Will you transcribe all the entries word for word, skipping the pictures they hold?
- Opening Delimiter -
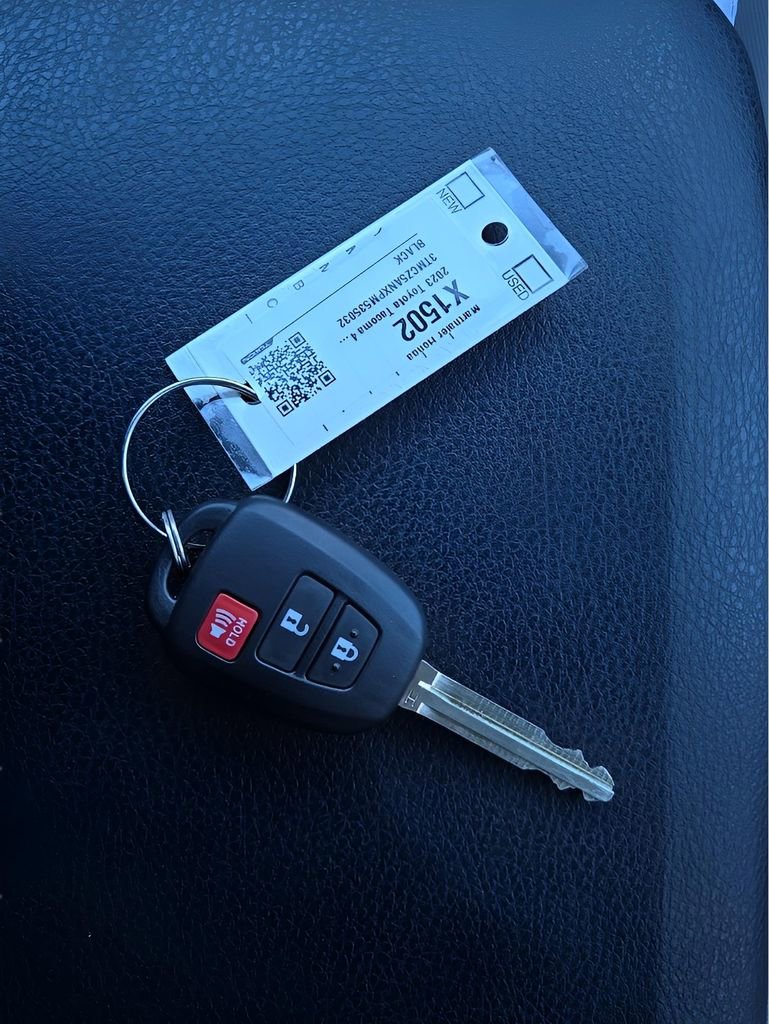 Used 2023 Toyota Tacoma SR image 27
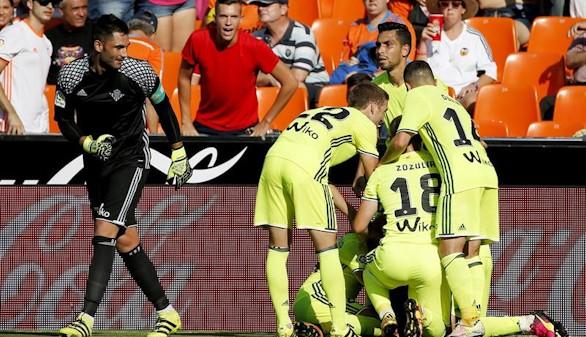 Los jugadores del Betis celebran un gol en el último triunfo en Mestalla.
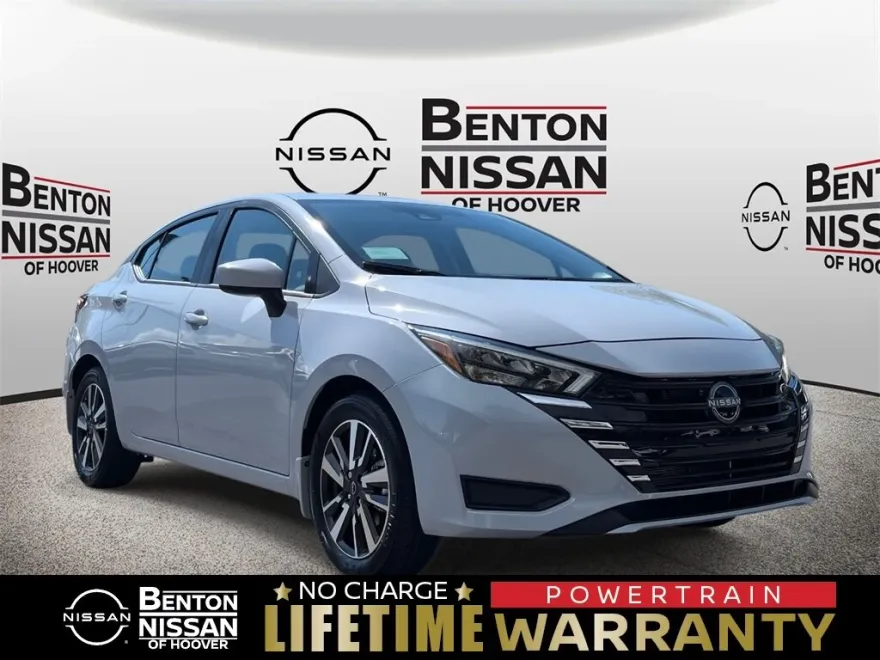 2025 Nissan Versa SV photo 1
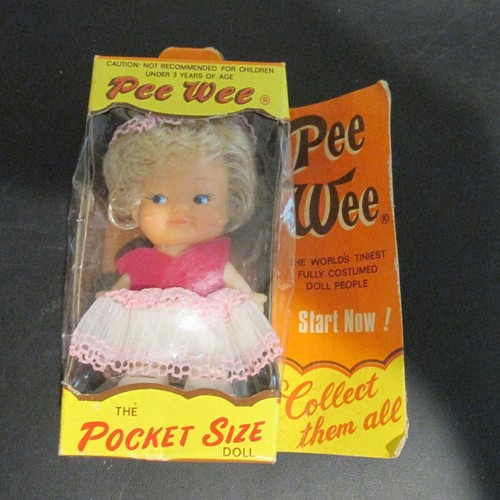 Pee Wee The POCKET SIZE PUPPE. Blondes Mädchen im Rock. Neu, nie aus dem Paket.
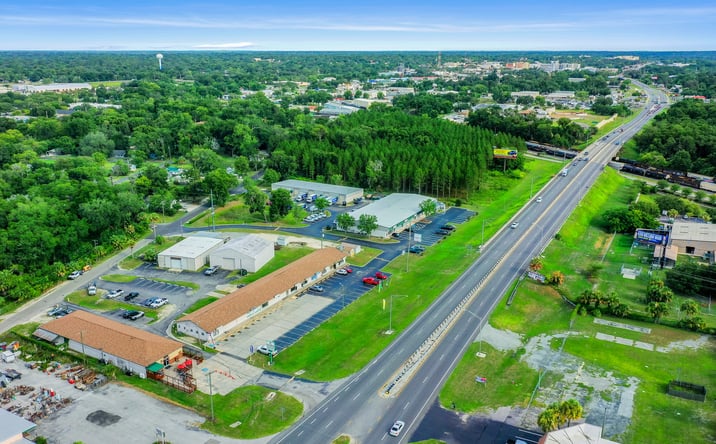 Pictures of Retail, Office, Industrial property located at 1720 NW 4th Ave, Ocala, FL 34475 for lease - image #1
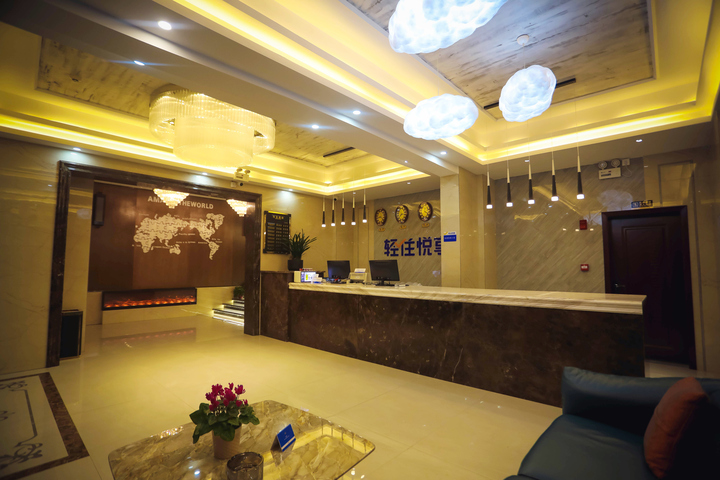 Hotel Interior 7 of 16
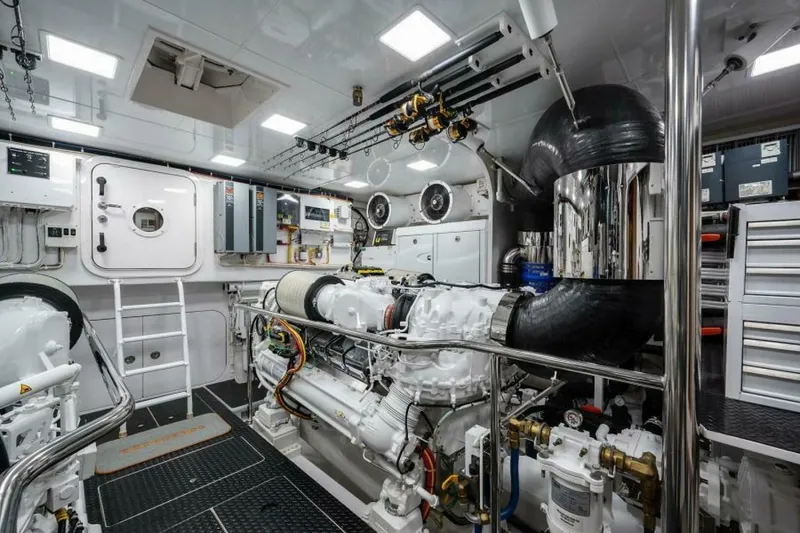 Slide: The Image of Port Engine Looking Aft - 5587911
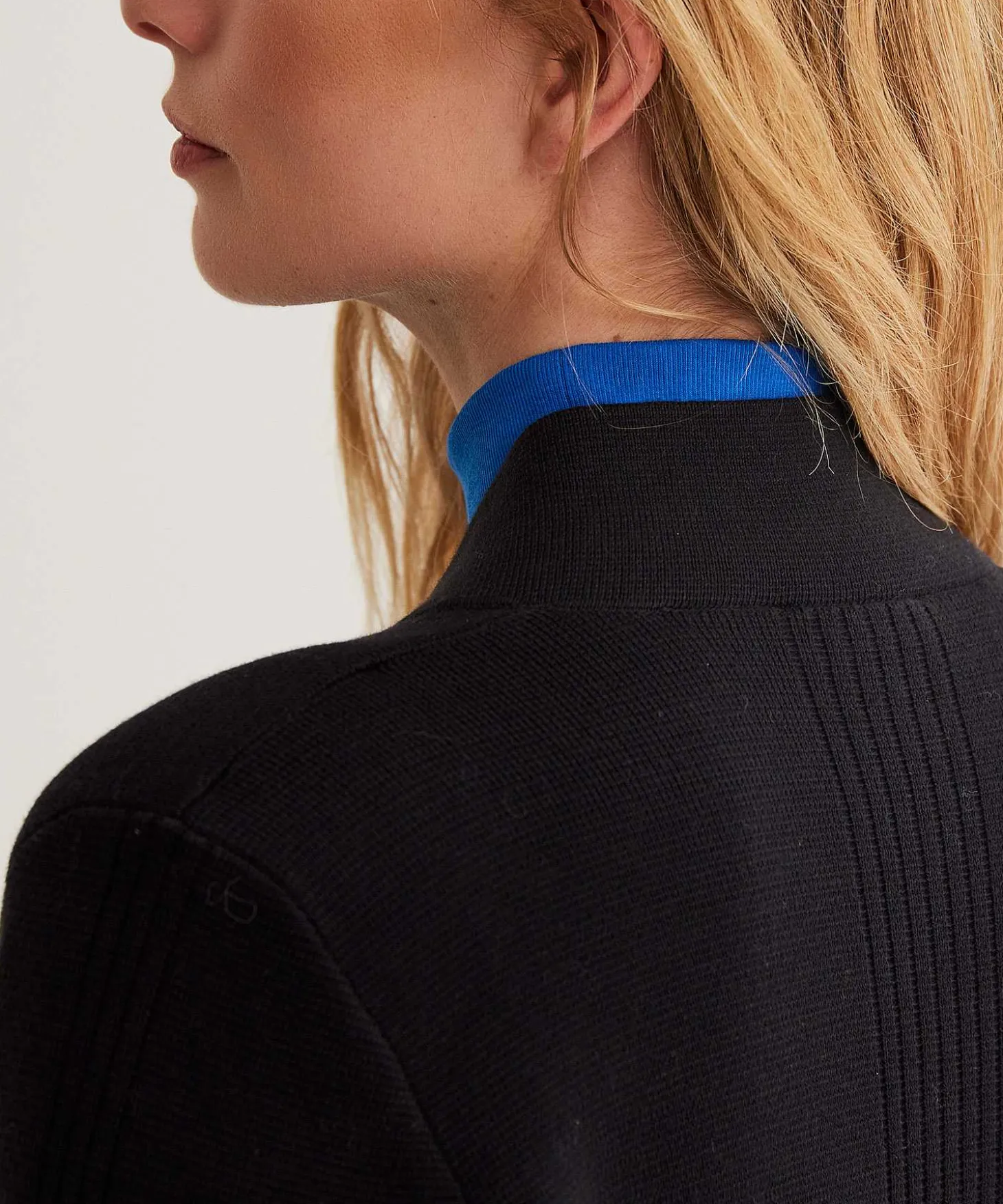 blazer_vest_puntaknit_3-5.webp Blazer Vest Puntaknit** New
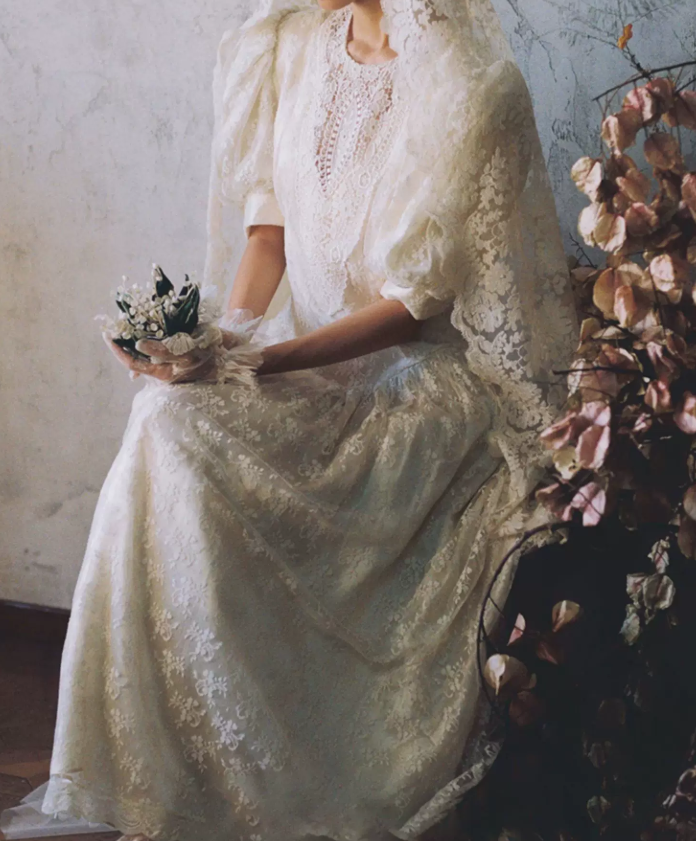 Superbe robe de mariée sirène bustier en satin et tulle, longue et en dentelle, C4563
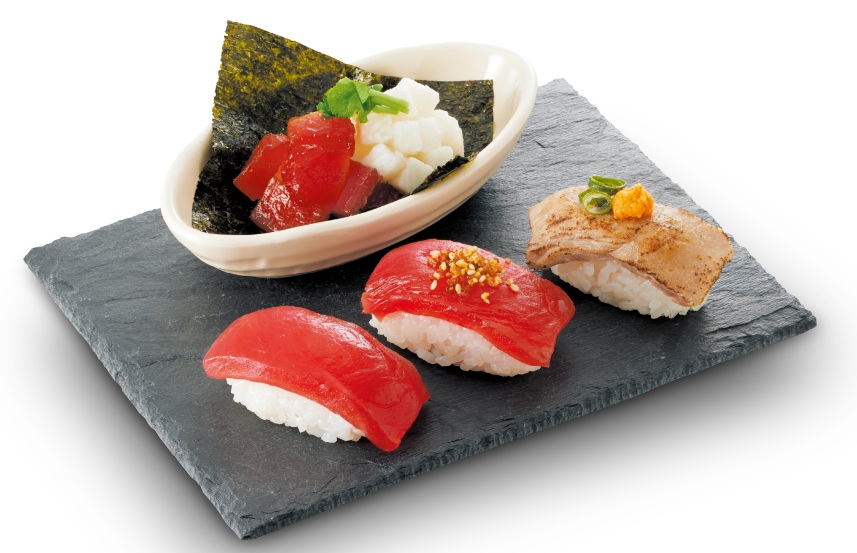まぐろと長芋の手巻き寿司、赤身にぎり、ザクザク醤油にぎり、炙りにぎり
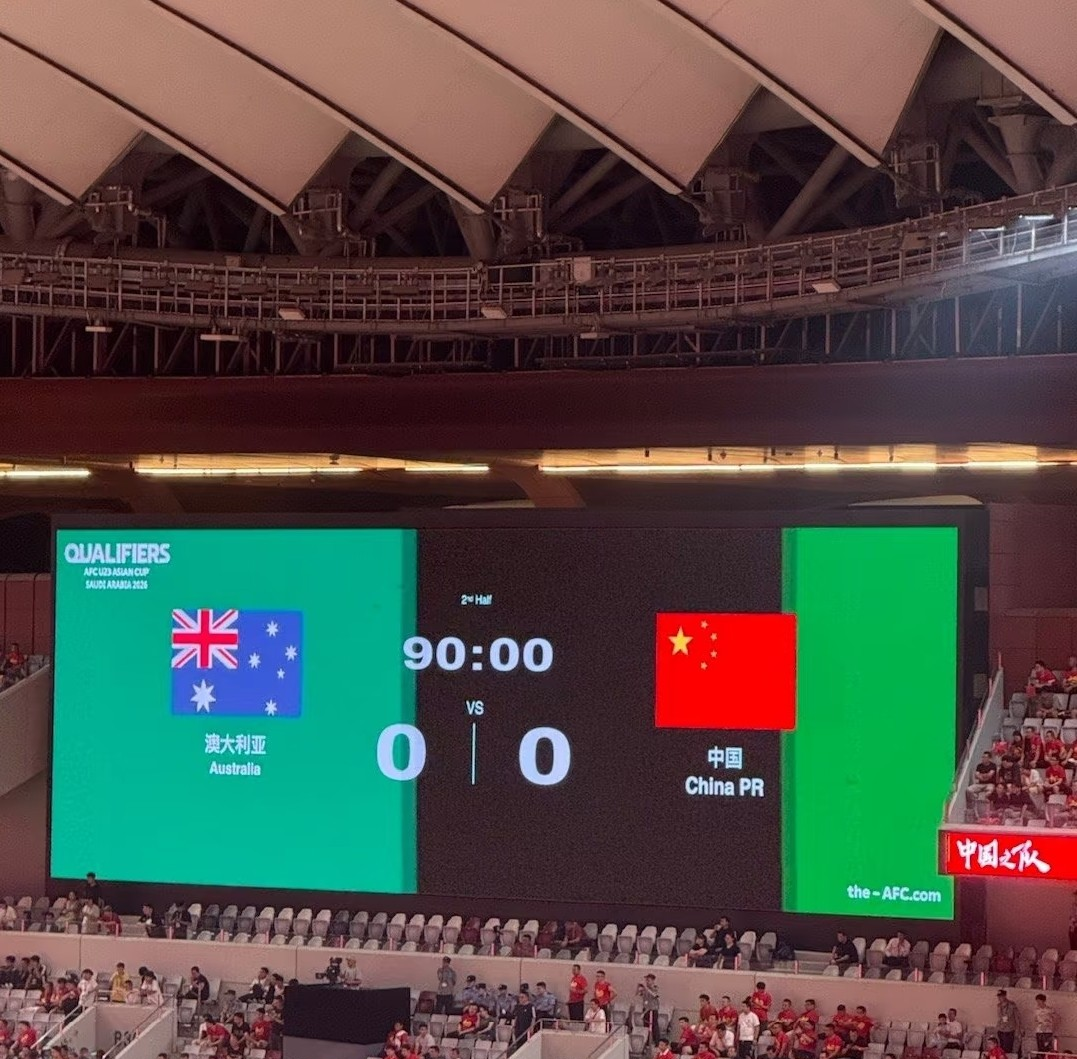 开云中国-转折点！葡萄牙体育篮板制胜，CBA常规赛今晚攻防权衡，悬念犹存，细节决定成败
- Closing Delimiter -
Expected answer:
 Used 2023 Toyota Tacoma SR image 27
 Los jugadores del Betis celebran un gol en el último triunfo en Mestalla.
 2025 Nissan Versa SV photo 1
 Pee Wee The POCKET SIZE PUPPE. Blondes Mädchen im Rock. Neu, nie aus dem Paket.
 Pictures of Retail, Office, Industrial property located at 1720 NW 4th Ave, Ocala, FL 34475 for lease - image #1
 Hotel Interior 7 of 16
 Slide: The Image of Port Engine Looking Aft - 5587911
 blazer_vest_puntaknit_3-5.webp Blazer Vest Puntaknit** New
 Superbe robe de mariée sirène bustier en satin et tulle, longue et en dentelle, C4563
まぐろと長芋の手巻き寿司、赤身にぎり、ザクザク醤油にぎり、炙りにぎり
 开云中国-转折点！葡萄牙体育篮板制胜，CBA常规赛今晚攻防权衡，悬念犹存，细节决定成败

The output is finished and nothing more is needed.